Он часто рано утром ходил по территории ранчо, стучался в двери, всех будил, проверял, как себя чувствуют лошади в стойлах. Он прекрасно развлекался, а иногда бывали дни, когда он даже не выделял времени на еду – просто ходил весь день с батоном хлеба под мышкой на случай, если от голода заболит живот. Он обожал ездить за покупками в «Сирс» – покупал инструменты, ножи, фонарики и другое снаряжение, которые потом гордо приносил на ранчо.
Той весной 1967 года мы проводили там очень много времени, иногда – две недели подряд, без поездок в Грейсленд. По воскресеньям мы устраивали пикники, и все девушки приносили к обеду у кого что было – жареную курицу, выпечку, салаты. Мы ездили верхом, соревновались в стрельбе по тарелочкам, ловили в озере черепах и змей. Царили веселье, смех, дух товарищества. И снова мы жили группой, и каждый был частью нашей жизни.
Даже в моем маленьком домике были гости каждый вечер, как правило – холостяки вроде Ламара и Чарли. Готовить для Элвиса было легко: я просто брала еду, которую мы собирались есть, и зажаривала до подгорания. Но гостей всегда было так много, что кузина Элвиса, Пэтси, приходила мне помочь. Ребята, у которых были жены, ужинали в своих фургонах, а потом приходили к нам на десерт и остаток вечера.
В доме всегда была музыка. Элвис, Ламар Файки и Чарли Ходж собирались вместе в центре комнаты и распевали любимые песни. Когда у них получалось очень хорошо, Элвис радостно восклицал:
– Ух! Черт! Давайте еще раз!
Иногда он мог потратить час только на концовку, потому что это надо почувствовать, ведь «чувства – ингредиенты шедевра».
На ранчо приехала не только наша компания, но и любопытные зеваки. Те же толпы, что собирались вокруг Грейсленда, стали появляться у ранчо, и вскоре – и днем, и ночью – наш дом окружили группы фанатов, выстроившихся вдоль забора. Поскольку наш дом выходил на дорогу, Элвис построил забор высотой в три метра, но это их не остановило; они стали забираться на машины и на крыши соседских домов. Нам было негде спрятаться, мне каждый раз было страшно проезжать через ворота.

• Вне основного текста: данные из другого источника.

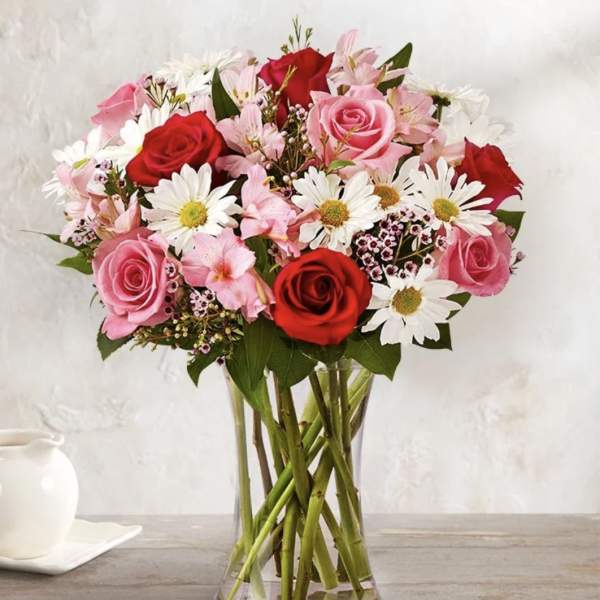 Bouquet of red and pink roses with white daisies in a clear glass vase
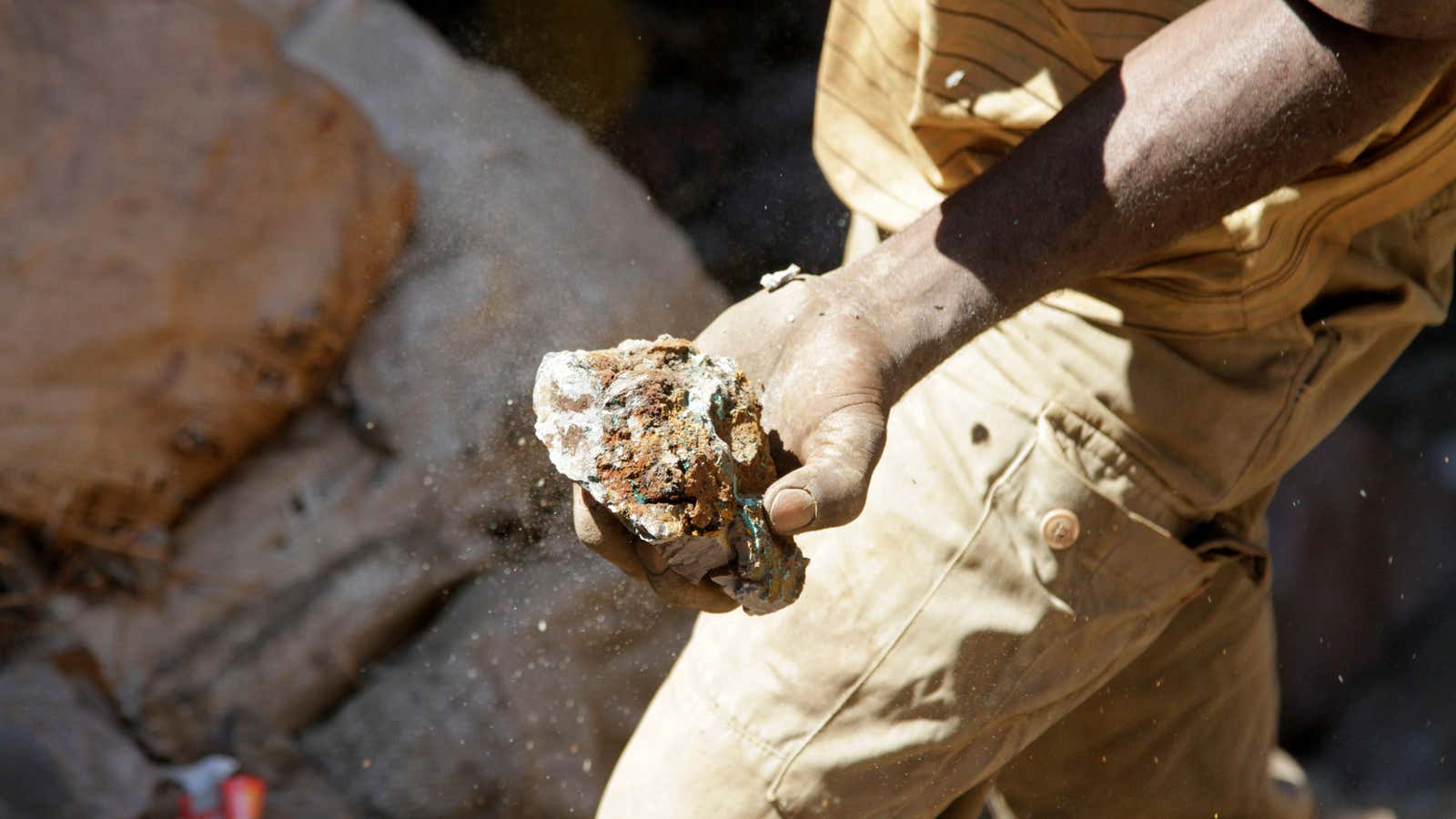 An artisanal miner carries raw ore at a former industrial copper-cobalt mine in DR Congo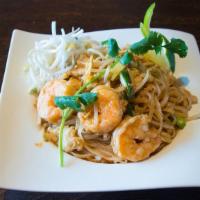 Pad Thai · Thailand's best-known noodle dish, rice noodles with shrimp, chicken, and egg. Green onions,...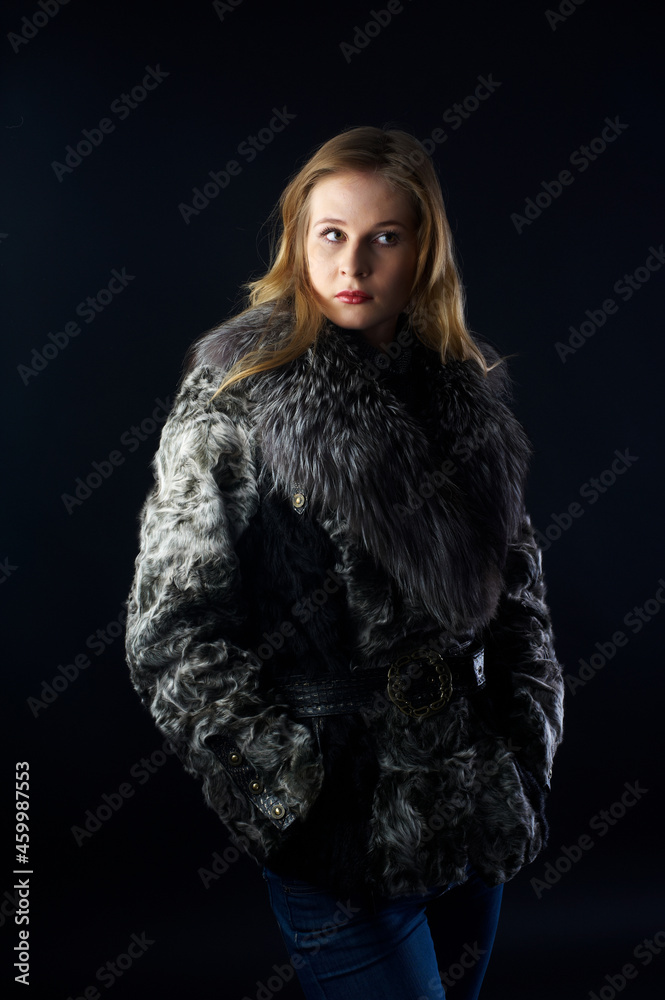 Young attractive woman in fur coat over black Young attractive woman in fur coat over black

Мечта постепенно превращалась в ночной кошмар. Жены ребят хотели вернуться в свои дома, дети хотели вернуться к друзьям и в свои школы.

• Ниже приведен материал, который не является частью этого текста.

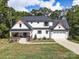 Beautiful two-story house with well-kept lawn, landscaping, and inviting front porch at 685 Knollcrest Ne Dr, Concord, NC 28025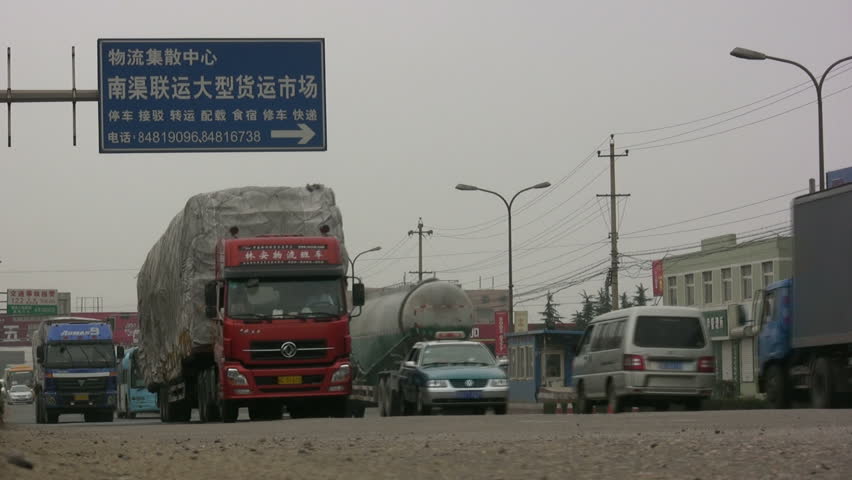 QINGDAO - JUNE 11: Heavy transport drives over a provincial road in the suburbs on June 11, 2010 Qingdao, China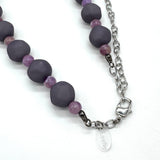 Closeup of adjustable necklace featuring dark gray and lilac lucite beads laid on a white background.
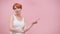 Beautiful casualy dressed middle aged redhead woman pointing finger on empty space isolated on pink background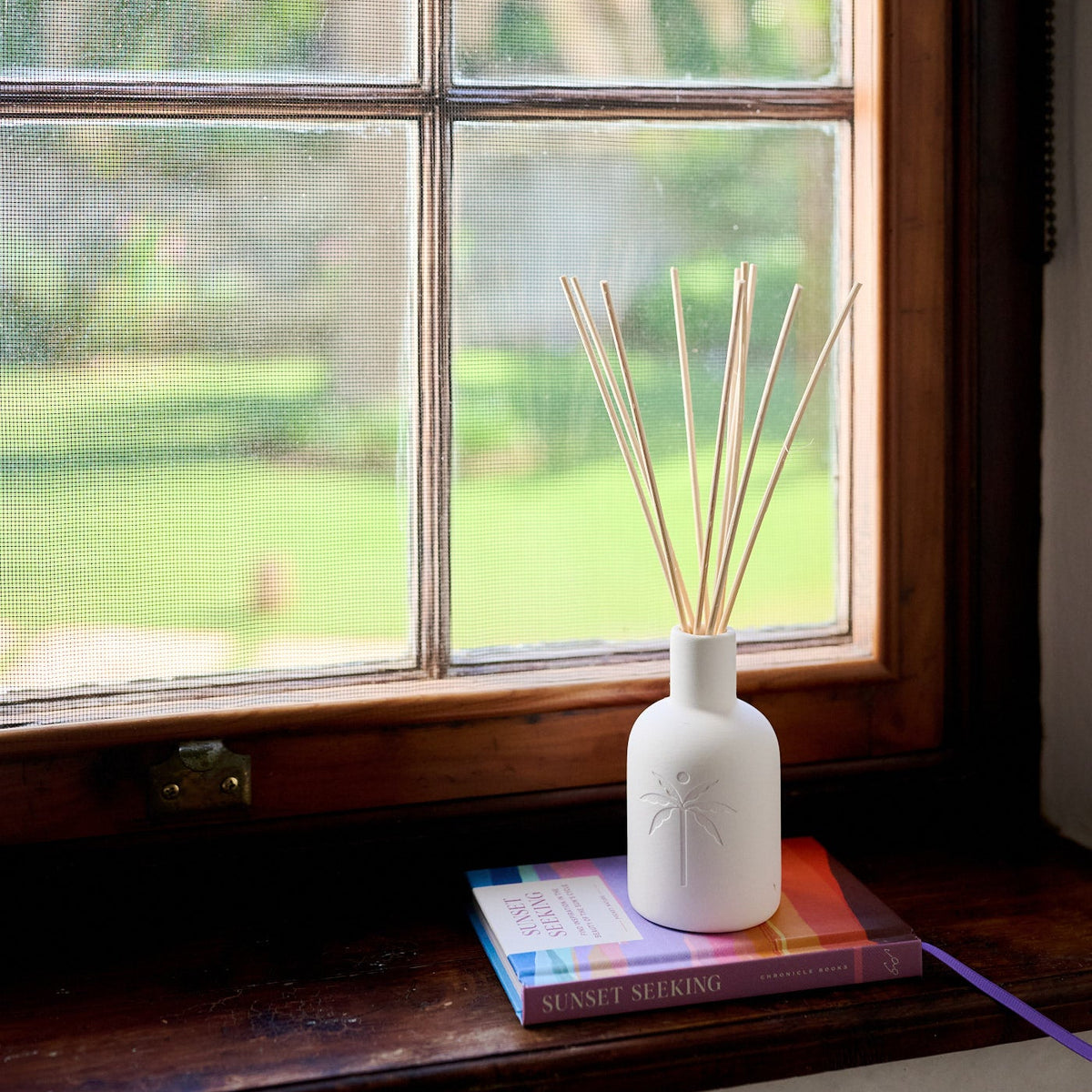 White diffuser with reeds on a windowsill with a view of greenery outside.
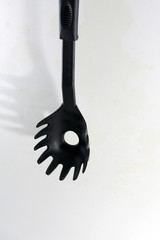 kitchen tool on a white wall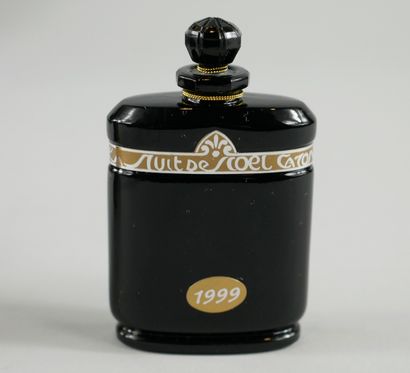 null CARON " Nuit de Noël " Christmas 1999 Edition.

Black opaque crystal bottle,...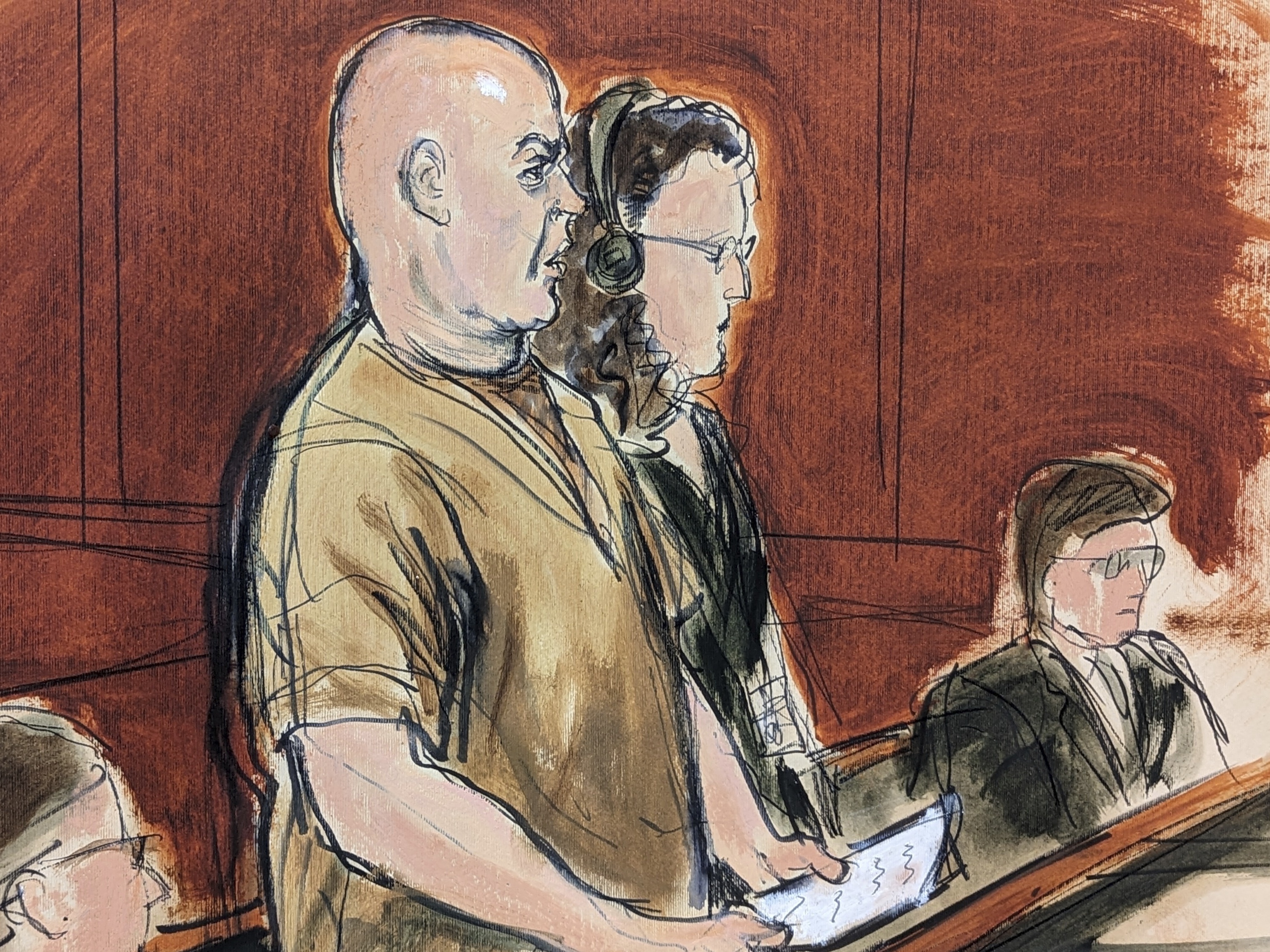 caption: In this courtroom sketch, defendant Lawrence Ray (left) makes a statement during his sentencing in Manhattan federal court on Friday in New York, as his defense attorney, Peggy Cross-Goldenberg looks on.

Элвису нравилось, когда все были вместе – только на заданных им самим условиях, – и он огорчился, что они хотели уехать.
– Черт, я столько всего купил, – сказал он. – А теперь все хотят домой.
Дезертирства он не терпел; он дал своим работникам все, а они, казалось, совсем этого не ценили. Он узнал, что некоторые члены компании продают свои грузовики. Они больше нуждались в деньгах, а не в «Эль Камино». Элвис не мог представить себе финансовые трудности, с которыми сталкивается большинство людей, и никогда не понимал, что женатые простые смертные должны нести ответственность перед женами и детьми.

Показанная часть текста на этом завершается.